WORK REQUEST:
Copy each line of the data that has "license" in it.

EXCERPTED DATA:
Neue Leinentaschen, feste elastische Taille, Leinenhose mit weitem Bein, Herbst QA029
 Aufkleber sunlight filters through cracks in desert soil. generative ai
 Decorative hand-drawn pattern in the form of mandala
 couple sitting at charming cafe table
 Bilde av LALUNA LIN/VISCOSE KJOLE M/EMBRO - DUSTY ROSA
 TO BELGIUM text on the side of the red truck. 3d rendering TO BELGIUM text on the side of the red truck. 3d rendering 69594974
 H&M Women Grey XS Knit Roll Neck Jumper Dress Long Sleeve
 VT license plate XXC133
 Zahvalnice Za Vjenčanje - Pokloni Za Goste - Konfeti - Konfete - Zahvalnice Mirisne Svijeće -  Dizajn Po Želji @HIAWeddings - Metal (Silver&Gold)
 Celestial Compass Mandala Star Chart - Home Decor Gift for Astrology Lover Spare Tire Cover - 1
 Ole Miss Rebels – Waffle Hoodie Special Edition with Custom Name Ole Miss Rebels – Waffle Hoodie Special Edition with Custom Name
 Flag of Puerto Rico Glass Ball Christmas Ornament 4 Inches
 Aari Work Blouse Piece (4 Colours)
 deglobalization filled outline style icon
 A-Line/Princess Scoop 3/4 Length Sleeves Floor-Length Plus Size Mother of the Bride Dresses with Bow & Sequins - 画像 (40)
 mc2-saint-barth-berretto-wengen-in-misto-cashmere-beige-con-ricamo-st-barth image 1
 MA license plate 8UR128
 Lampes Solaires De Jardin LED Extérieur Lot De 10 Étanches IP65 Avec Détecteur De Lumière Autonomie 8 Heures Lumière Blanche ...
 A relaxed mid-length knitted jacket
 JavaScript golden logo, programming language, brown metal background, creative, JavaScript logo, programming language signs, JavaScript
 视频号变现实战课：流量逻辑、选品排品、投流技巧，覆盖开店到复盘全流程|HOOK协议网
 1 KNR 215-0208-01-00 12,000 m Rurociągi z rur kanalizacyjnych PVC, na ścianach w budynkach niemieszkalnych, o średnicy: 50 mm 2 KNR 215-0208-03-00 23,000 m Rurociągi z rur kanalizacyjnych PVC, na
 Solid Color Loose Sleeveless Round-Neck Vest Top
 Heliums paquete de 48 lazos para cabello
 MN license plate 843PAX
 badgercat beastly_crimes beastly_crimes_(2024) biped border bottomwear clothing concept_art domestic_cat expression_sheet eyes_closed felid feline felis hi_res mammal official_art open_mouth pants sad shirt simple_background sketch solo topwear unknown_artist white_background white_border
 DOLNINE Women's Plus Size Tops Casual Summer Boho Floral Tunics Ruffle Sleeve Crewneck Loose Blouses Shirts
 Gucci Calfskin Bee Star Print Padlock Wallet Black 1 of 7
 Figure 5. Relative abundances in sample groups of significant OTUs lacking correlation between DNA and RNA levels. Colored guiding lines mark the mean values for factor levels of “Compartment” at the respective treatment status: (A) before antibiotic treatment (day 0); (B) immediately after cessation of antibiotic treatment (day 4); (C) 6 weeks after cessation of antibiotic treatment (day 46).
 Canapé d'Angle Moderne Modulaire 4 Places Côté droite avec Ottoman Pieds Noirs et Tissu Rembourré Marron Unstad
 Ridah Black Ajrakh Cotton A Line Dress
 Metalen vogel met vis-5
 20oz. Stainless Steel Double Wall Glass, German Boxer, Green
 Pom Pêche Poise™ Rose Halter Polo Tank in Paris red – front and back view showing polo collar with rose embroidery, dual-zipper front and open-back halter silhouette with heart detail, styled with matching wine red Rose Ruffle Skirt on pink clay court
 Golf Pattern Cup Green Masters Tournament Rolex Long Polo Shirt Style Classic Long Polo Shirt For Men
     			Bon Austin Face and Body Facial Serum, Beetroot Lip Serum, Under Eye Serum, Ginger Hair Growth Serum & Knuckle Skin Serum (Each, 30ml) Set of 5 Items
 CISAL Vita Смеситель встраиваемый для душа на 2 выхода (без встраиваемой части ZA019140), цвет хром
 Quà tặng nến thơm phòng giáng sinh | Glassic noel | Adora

RESULT OF THE TASK:
 VT license plate XXC133
 MA license plate 8UR128
 MN license plate 843PAX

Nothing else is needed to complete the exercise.